» WORK ORDER
Repeat every record exactly as written, but leave out the pictures.

*** Opening TASK MATERIAL ***

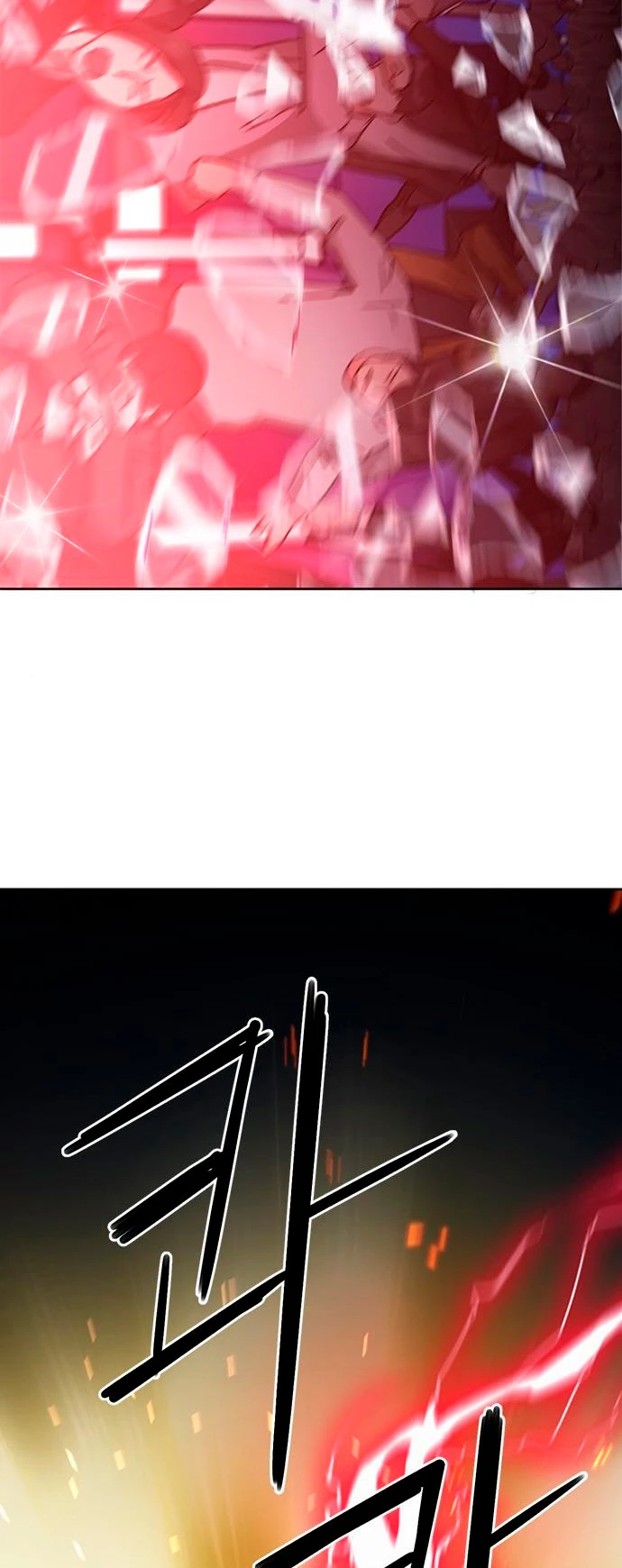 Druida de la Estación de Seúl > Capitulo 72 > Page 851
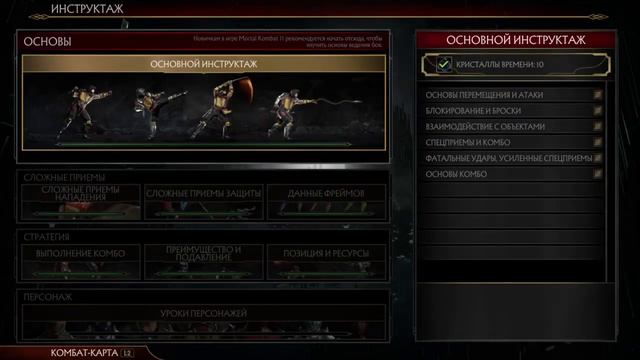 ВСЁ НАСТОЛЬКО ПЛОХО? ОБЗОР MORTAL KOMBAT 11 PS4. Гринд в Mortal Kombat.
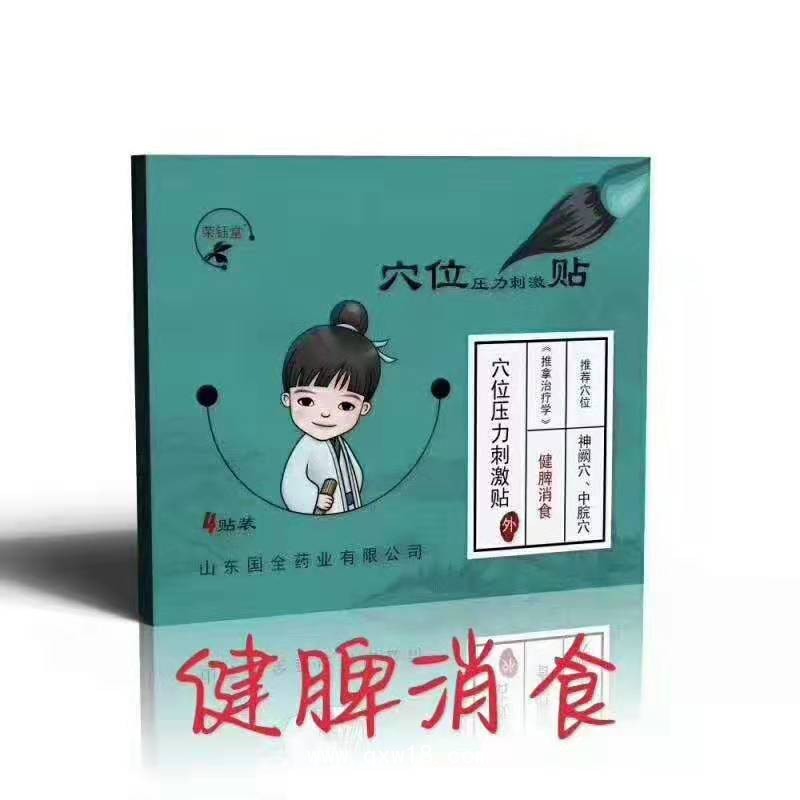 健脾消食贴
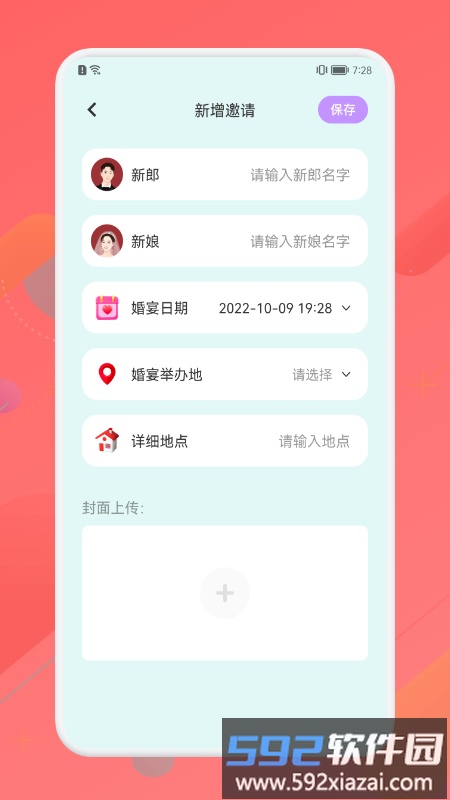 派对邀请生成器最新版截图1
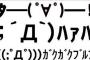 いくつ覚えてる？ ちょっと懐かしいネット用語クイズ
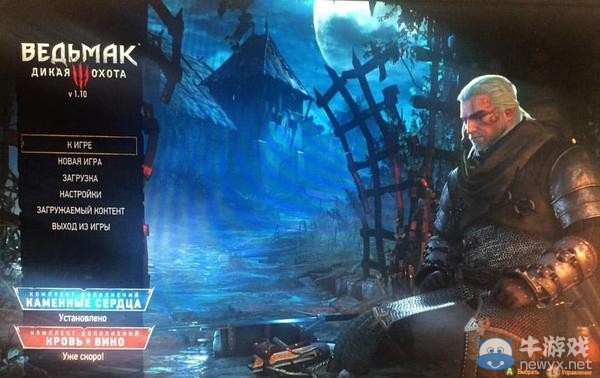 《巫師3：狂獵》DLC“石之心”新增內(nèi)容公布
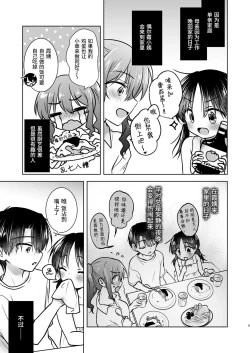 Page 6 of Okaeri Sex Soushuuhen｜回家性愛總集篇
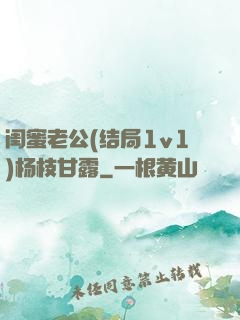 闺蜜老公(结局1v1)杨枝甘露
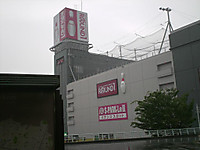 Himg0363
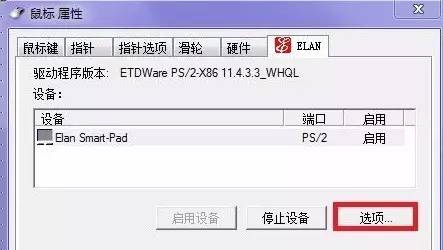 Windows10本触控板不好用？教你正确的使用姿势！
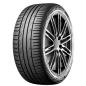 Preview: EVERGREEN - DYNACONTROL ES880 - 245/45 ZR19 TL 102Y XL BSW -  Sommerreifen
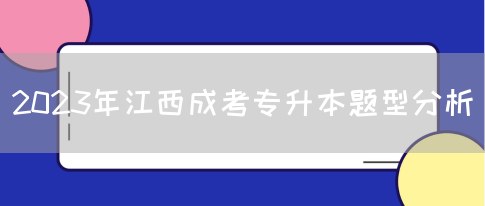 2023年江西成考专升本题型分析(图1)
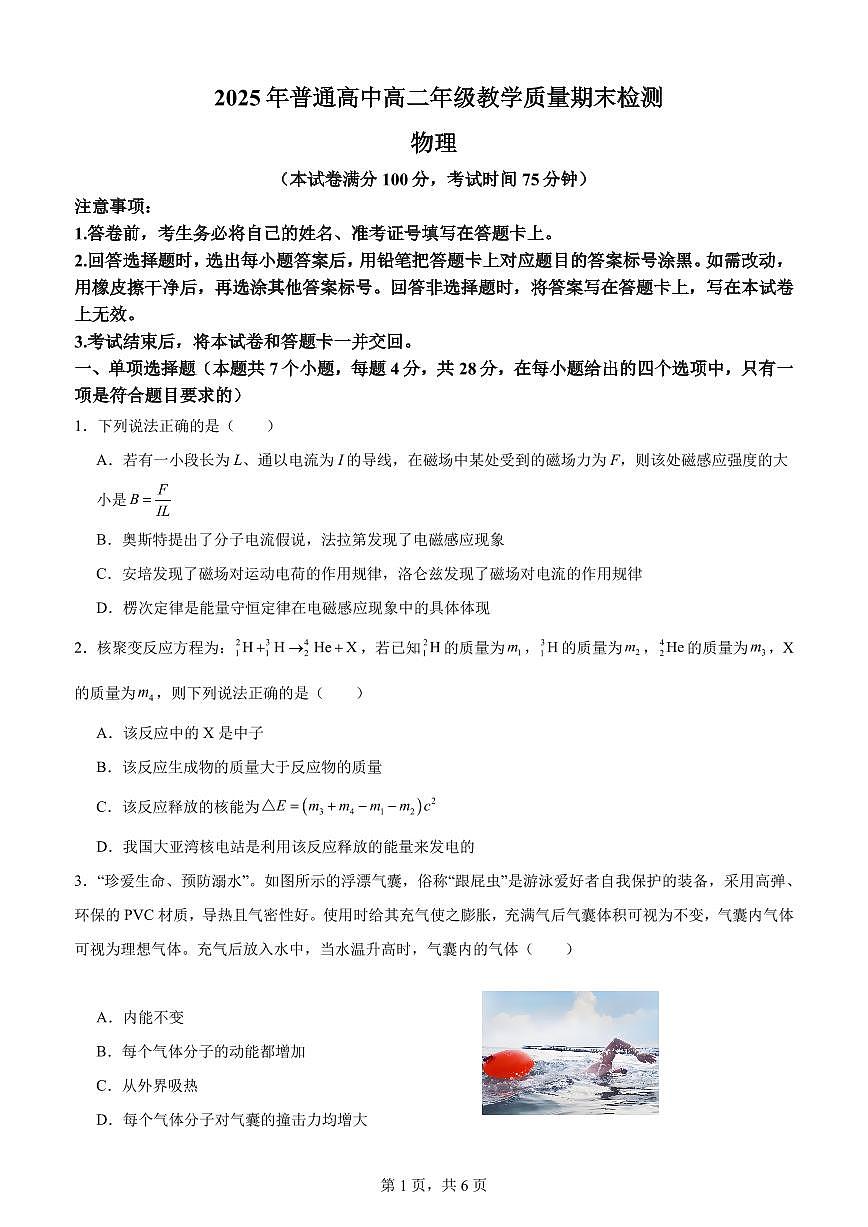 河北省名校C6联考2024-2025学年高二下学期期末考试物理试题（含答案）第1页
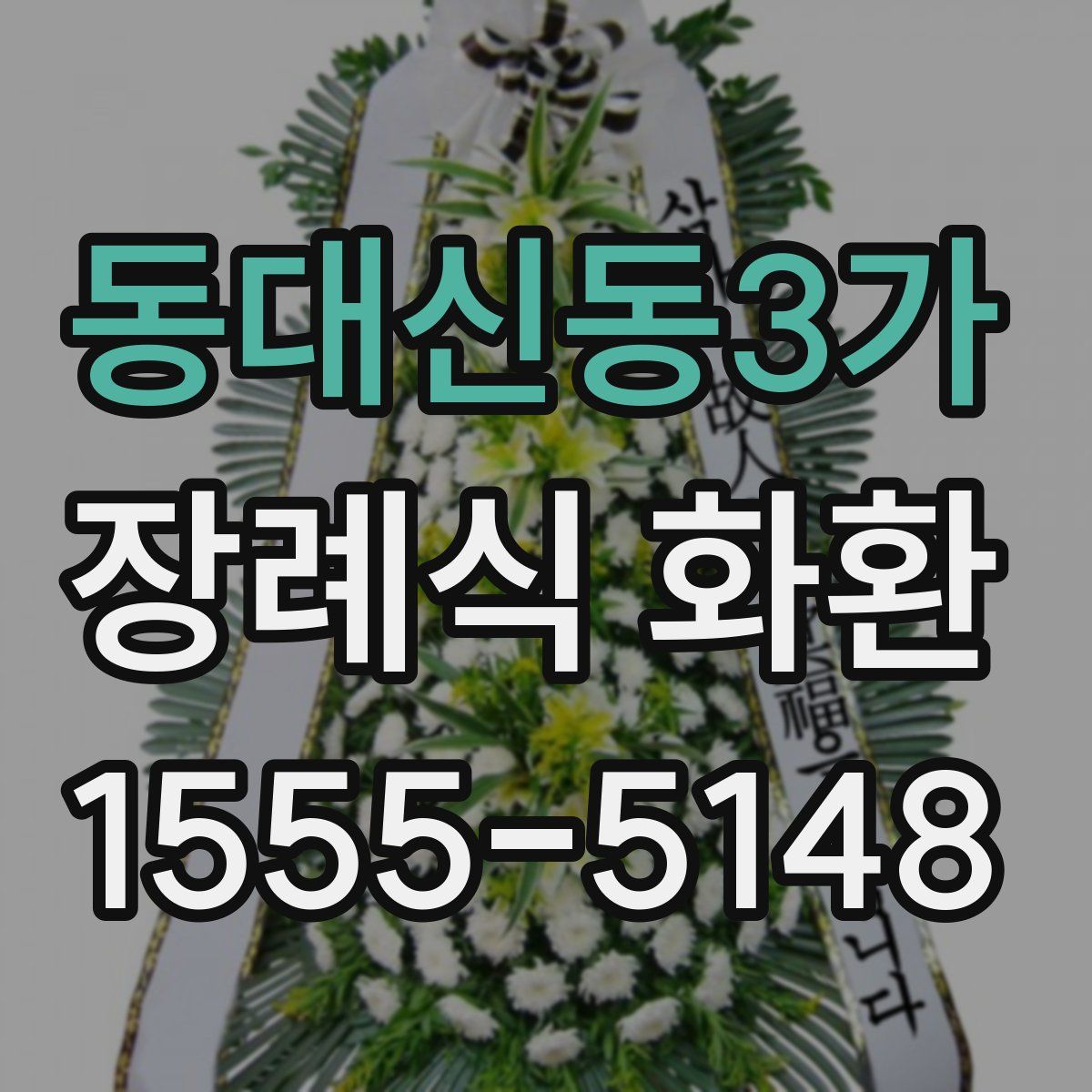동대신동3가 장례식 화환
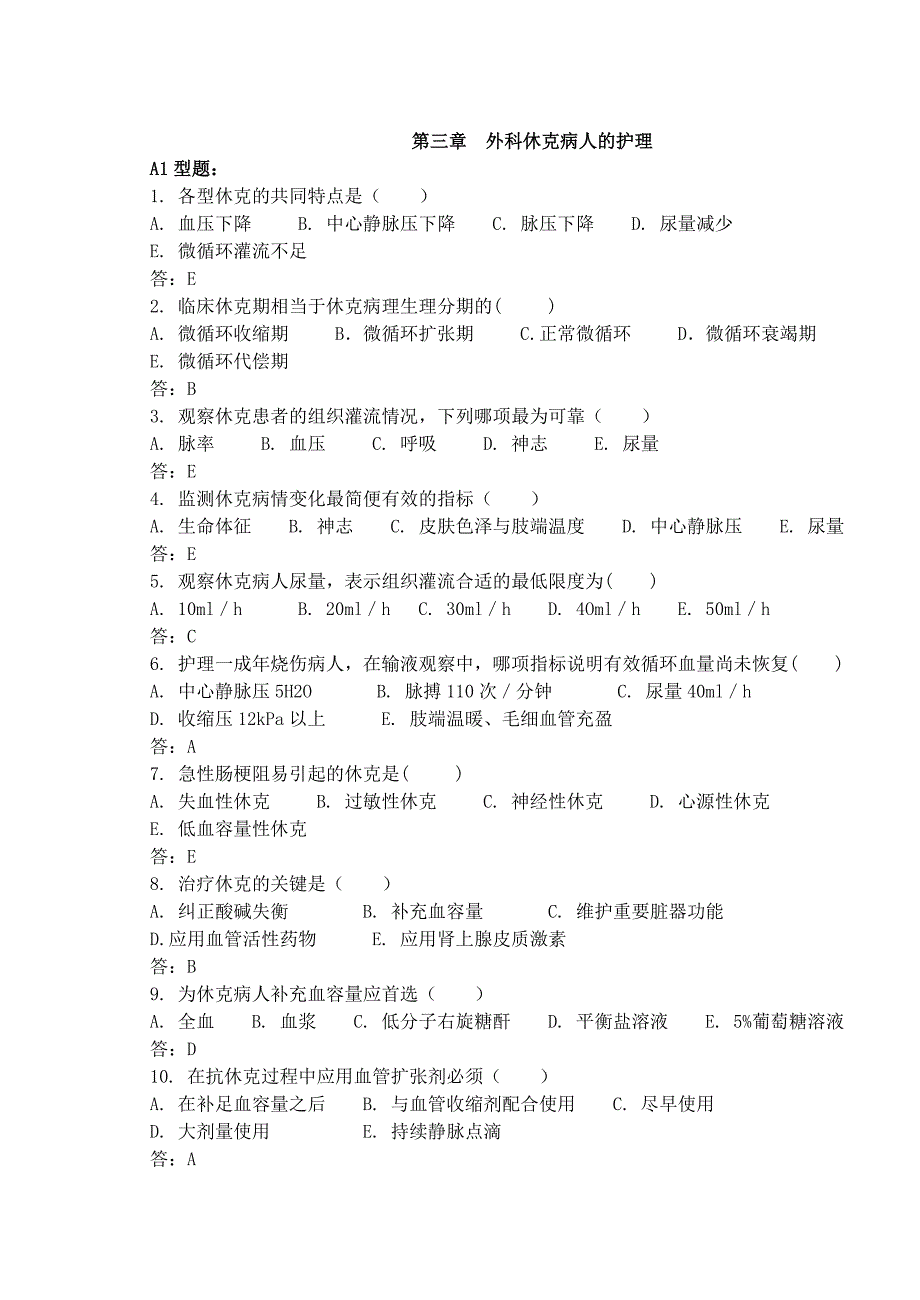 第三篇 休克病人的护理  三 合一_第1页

*** Closing TASK MATERIAL ***

» THE ANSWER
 Druida de la Estación de Seúl > Capitulo 72 > Page 851
 ВСЁ НАСТОЛЬКО ПЛОХО? ОБЗОР MORTAL KOMBAT 11 PS4. Гринд в Mortal Kombat.
 健脾消食贴
 派对邀请生成器最新版截图1
 いくつ覚えてる？ ちょっと懐かしいネット用語クイズ
 《巫師3：狂獵》DLC“石之心”新增內(nèi)容公布
 Page 6 of Okaeri Sex Soushuuhen｜回家性愛總集篇
 闺蜜老公(结局1v1)杨枝甘露
 Himg0363
 Windows10本触控板不好用？教你正确的使用姿势！
 Preview: EVERGREEN - DYNACONTROL ES880 - 245/45 ZR19 TL 102Y XL BSW -  Sommerreifen
 2023年江西成考专升本题型分析(图1)
 河北省名校C6联考2024-2025学年高二下学期期末考试物理试题（含答案）第1页
동대신동3가 장례식 화환
 第三篇 休克病人的护理  三 合一_第1页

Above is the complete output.